2. Die Agentur unterrichtet den betroffenen Mitgliedstaat von dem geplanten Kontrollbesuch und gibt die Namen der beauftragen Bediensteten sowie den Zeitpunkt des Beginns des Kontrollbesuchs an. Die mit der Durchführung der Kontrollen beauftragten Bediensteten der Agentur üben ihre Befugnisse nach Vorlage einer Entscheidung des Exekutivdirektors aus, in der Gegenstand und Ziel des Besuchs genannt sind.

3. Im Anschluss an jeden Kontrollbesuch erstellt die Agentur einen Bericht, den sie der Kommission und dem betreffenden Mitgliedstaat übermittelt.

Artikel 4 Weitergabe und Schutz von Informationen

1. Für die im Rahmen der Anwendung dieser Verordnung von der Agentur und der Kommission gesammelten Informationen gilt die Richtlinie 95/46/EG des Parlaments und des Rates zum Schutz natürlicher Personen bei der Verarbeitung personenbezogener Daten und zum freien Datenverkehr [5].
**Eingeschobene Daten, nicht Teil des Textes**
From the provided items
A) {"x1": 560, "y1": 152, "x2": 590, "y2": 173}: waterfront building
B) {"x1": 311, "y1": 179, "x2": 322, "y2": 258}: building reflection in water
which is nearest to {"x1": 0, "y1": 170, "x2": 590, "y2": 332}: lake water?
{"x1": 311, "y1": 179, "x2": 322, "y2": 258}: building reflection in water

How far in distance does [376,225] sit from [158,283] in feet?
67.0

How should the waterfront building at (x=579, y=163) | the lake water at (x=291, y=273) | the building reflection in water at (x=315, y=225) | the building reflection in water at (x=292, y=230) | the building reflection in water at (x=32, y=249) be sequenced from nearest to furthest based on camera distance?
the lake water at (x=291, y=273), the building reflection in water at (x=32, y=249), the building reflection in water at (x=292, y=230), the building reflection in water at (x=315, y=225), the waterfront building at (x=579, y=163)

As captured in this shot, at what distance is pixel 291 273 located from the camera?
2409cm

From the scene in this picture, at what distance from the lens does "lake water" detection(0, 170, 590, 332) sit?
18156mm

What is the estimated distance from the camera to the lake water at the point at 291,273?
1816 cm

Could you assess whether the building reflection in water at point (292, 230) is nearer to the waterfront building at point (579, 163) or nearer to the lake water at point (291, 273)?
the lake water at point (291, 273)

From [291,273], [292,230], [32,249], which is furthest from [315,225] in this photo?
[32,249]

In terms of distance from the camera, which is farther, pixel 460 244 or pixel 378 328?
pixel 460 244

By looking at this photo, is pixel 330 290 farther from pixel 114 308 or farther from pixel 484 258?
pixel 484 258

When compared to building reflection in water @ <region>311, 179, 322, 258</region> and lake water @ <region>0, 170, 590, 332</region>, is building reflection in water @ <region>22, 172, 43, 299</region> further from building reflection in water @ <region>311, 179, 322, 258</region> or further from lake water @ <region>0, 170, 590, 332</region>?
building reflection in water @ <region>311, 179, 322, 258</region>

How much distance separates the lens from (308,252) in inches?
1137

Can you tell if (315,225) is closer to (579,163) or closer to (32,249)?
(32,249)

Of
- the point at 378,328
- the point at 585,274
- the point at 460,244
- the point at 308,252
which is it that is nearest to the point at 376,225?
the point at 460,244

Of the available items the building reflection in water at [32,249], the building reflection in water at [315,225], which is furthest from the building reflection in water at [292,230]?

[5] ABl. L 281 vom 23.11.1995.

2. Die Beamten und sonstigen Bediensteten der Agentur dürfen auch nach Beendigung ihres Dienstverhältnisses keine unter das Berufsgeheimnis fallenden Informationen preisgeben, insbesondere Informationen über Unternehmen, deren Geschäftsbeziehungen und Kostenelemente.

KAPITEL II :

INTERNE ORGANISATION UND ARBEITSWEISE

Artikel 5 Rechtsform, Sitz, regionale Zentren

1. Die Agentur ist ein Organ der Gemeinschaft und besitzt Rechtspersönlichkeit.
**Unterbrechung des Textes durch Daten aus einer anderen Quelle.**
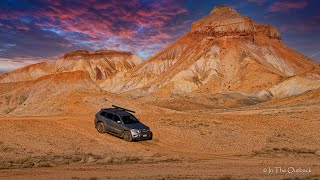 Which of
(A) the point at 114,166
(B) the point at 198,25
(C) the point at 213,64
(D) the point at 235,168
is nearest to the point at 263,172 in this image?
(D) the point at 235,168

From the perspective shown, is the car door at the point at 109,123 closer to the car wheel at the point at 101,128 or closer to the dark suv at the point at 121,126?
the dark suv at the point at 121,126

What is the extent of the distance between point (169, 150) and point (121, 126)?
339 cm

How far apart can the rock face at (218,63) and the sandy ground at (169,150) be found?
72.5m

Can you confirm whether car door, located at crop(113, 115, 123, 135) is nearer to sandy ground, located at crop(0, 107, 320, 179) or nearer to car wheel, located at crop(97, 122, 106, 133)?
sandy ground, located at crop(0, 107, 320, 179)

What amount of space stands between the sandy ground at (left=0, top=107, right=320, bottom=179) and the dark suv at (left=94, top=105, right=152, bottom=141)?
0.44 metres

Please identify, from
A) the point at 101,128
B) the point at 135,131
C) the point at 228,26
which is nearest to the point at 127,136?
the point at 135,131

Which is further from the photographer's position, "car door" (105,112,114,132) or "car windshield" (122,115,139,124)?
"car door" (105,112,114,132)

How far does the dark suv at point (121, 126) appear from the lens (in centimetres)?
2227

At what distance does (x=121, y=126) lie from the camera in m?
22.6

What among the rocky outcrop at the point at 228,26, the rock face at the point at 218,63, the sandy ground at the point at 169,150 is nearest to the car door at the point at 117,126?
the sandy ground at the point at 169,150

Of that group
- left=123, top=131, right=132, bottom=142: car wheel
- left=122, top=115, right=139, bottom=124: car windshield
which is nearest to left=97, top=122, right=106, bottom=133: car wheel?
left=122, top=115, right=139, bottom=124: car windshield

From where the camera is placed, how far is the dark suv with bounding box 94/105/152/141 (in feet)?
73.0

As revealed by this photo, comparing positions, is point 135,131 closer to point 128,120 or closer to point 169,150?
point 128,120

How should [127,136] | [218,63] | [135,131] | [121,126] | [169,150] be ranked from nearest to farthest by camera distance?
[169,150]
[135,131]
[127,136]
[121,126]
[218,63] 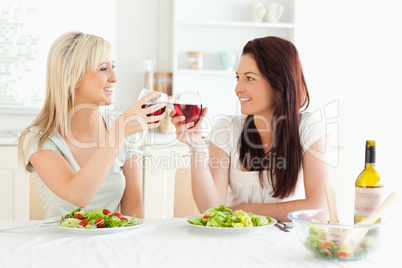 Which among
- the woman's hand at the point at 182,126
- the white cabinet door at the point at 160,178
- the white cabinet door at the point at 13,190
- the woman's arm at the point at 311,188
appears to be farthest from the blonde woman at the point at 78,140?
the white cabinet door at the point at 13,190

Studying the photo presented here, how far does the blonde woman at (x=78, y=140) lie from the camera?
1.61 m

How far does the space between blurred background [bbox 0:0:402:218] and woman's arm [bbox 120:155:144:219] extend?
5.10 ft

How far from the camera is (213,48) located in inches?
143

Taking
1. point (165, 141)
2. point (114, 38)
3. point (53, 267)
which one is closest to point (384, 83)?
point (165, 141)

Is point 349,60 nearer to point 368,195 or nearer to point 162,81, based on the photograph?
point 162,81

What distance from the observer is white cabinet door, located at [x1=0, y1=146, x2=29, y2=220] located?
119 inches

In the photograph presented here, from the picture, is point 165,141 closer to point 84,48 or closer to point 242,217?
point 84,48

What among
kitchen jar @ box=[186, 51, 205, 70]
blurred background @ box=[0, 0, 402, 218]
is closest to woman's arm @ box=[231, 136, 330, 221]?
blurred background @ box=[0, 0, 402, 218]

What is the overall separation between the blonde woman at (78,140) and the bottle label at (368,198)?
0.71m

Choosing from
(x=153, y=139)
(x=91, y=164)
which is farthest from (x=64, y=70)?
(x=153, y=139)

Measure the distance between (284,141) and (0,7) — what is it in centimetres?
241

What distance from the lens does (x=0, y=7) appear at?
135 inches

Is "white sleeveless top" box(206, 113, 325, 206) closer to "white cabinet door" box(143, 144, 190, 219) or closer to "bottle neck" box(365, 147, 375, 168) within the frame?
"bottle neck" box(365, 147, 375, 168)

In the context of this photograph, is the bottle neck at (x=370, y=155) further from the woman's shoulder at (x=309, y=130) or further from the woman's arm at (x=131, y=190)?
the woman's arm at (x=131, y=190) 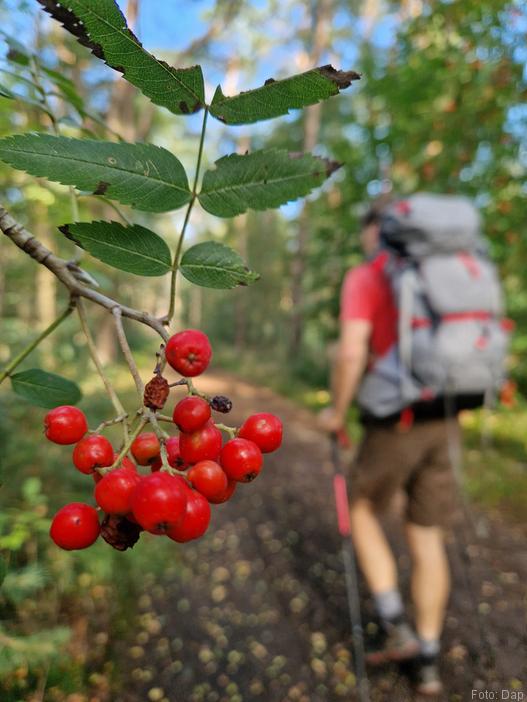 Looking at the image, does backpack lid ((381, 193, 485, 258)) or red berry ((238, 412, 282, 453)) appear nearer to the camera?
red berry ((238, 412, 282, 453))

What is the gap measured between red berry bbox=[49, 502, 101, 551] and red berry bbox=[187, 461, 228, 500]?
0.56 feet

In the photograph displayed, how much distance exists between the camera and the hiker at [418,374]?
92.2 inches

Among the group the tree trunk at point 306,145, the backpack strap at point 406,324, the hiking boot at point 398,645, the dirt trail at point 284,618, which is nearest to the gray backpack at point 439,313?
the backpack strap at point 406,324

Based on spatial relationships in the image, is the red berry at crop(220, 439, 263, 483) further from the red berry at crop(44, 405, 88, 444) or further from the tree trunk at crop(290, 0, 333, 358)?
the tree trunk at crop(290, 0, 333, 358)

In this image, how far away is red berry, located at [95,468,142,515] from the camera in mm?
641

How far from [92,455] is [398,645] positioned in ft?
8.81

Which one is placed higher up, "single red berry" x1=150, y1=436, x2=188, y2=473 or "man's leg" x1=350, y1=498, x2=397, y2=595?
"single red berry" x1=150, y1=436, x2=188, y2=473

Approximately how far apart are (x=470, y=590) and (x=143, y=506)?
3.64 meters

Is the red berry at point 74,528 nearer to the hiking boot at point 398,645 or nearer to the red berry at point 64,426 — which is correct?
the red berry at point 64,426

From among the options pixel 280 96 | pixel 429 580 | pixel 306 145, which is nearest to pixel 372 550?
pixel 429 580

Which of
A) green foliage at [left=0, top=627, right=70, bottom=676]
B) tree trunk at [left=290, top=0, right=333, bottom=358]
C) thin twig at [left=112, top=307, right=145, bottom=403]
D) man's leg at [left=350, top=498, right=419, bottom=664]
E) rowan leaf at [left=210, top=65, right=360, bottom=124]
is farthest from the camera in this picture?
tree trunk at [left=290, top=0, right=333, bottom=358]

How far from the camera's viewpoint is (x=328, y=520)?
4832 millimetres

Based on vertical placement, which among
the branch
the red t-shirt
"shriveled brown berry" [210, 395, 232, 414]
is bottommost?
"shriveled brown berry" [210, 395, 232, 414]

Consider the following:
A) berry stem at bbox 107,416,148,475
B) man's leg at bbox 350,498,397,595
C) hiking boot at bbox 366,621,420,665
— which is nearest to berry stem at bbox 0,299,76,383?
berry stem at bbox 107,416,148,475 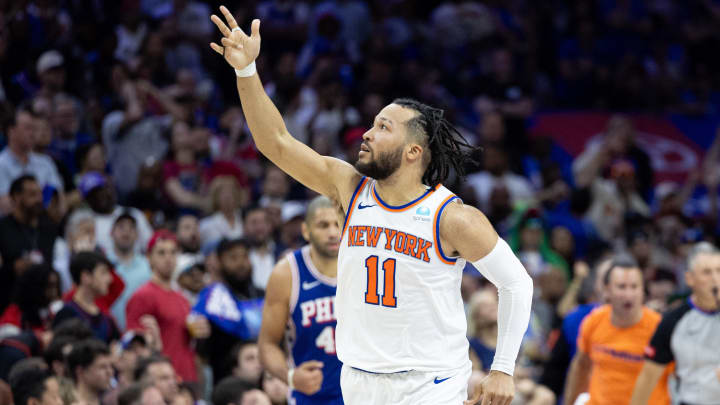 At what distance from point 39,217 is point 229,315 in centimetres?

2. Über den Sitz der Agentur entscheiden auf Vorschlag der Kommission die zuständigen Stellen spätestens sechs Monate nach der Verabschiedung dieser Verordnung.

3. Die Agentur verfügt in allen Mitgliedstaaten über die Rechtsfähigkeit im weitesten Sinn, die juristischen Personen gemäß dem jeweiligen nationalen Recht zuerkannt werden kann. Auf Antrag der Kommission kann die Agentur, nach Zustimmung der betroffenen Mitgliedstaaten, die regionalen Zentren einrichten, die für die Erfuellung ihrer Aufgaben im Zusammenhang mit der Überwachung der Navigation und des Seeverkehrs erforderlich sind, insbesondere für die Gewährleistung optimaler Verkehrsbedingungen in gefährdeten Gebieten gemäß der Richtlinie 2001/xx/EG über ein Seeverkehrsüberwachungs- und -informationssystem der Gemeinschaft.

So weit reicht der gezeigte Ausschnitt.